Днем она поминутно отрывалась от работы и смотрела сверху на свой живот, проверяя, не слишком ли заметно он поднимается под передником.
Прошло несколько месяцев. Она почти не разговаривала и, когда к ней обращались с каким-нибудь вопросом, не понимала, терялась; глаза ее смотрели с тупым испугом, руки тряслись, так что хозяин говорил ей:
– Бедняжка, ты что-то поглупела с некоторых пор!
В церкви она пряталась где-нибудь за колонной и не решалась больше ходить к исповеди, страшась встречи со священником, которому она приписывала сверхъестественную способность читать в сердцах.
За столом взгляды работников пугали ее теперь чуть не до обморока, и ей постоянно казалось, что ее тайна известна пастуху, хитрому, не по летам развитому малому, который не отрываясь глядел на нее исподтишка своими сверкающими глазами.
Однажды утром почтальон вручил ей письмо. Она никогда в жизни еще не получала писем и была так потрясена, что ей даже пришлось сесть. Может быть, это от него?
Но она не умела читать и в тревоге, вся дрожа, глядела на эту бумагу, испещренную чернильными знаками. Она сунула ее в карман, не смея доверить кому-либо свою тайну; во время работы она часто останавливалась и подолгу вглядывалась в равномерно расположенные строчки, заканчивавшиеся подписью, с какой-то смутной надеждой, что, быть может, ей вдруг откроется их смысл.
Наконец, сходя с ума от нетерпения и беспокойства, она отправилась к школьному учителю. Тот усадил ее и прочел вслух:
...
«Дорогая дочь, настоящим письмом извещаю тебя, что я со всем плоха. Наш сосед, мэтр Дантю, взялся написать тебе, чтобы ты приехала, если можешь.
За твою любящую матьСезар Дантю, помощник мэра».
Роза ушла, не сказав ни слова, но, как только она осталась одна, ноги у нее подкосились, и она села на краю дороги; так она просидела до вечера.
Вернувшись, она рассказала фермеру о своем горе, и он отпустил ее на столько времени, сколько ей понадобится, обещав поручить ее работу поденщице и взять ее обратно, когда она вернется.

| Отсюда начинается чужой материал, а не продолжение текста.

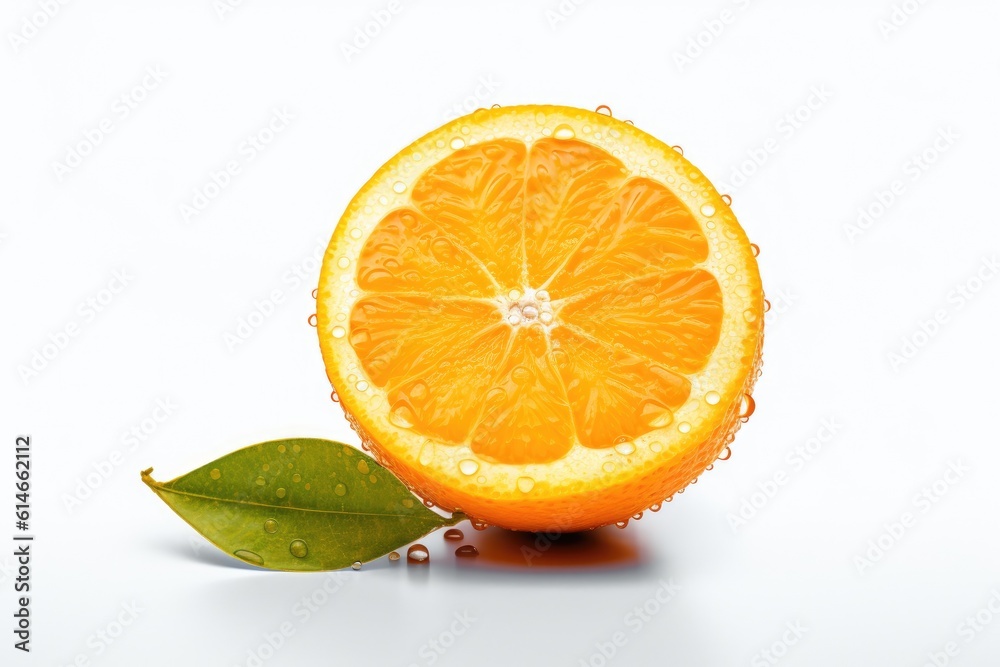 Orange citrus with drops on white background. Orange juice. Generative ai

Мать ее была уже в агонии и умерла в самый день приезда дочери. А на следующий день Роза родила семимесячного ребенка, крошечный жуткий скелет, до того худой, что на него нельзя было смотреть без содрогания. Его жалкие ручонки, костлявые, как клешни краба, сводило мучительной судорогой, словно от постоянной боли.
Тем не менее он выжил.
Роза говорила всем, что она замужем, но не имеет возможности возиться с малышом. Она оставила его у соседей, которые обещали о нем заботиться.
Она возвратилась на ферму.
Но теперь в ее наболевшем сердце занялась заря неизведанной доселе любви к жалкому маленькому существу, оставленному там, в деревне. И любовь эта стала для нее новым страданием, страданием ежечасным, ежеминутным, оттого что она была разлучена со своим ребенком.
Больше всего ее мучило безумное желание целовать его, сжимать в своих объятиях, ощущать своим телом теплоту маленького тельца. Она не спала по ночам.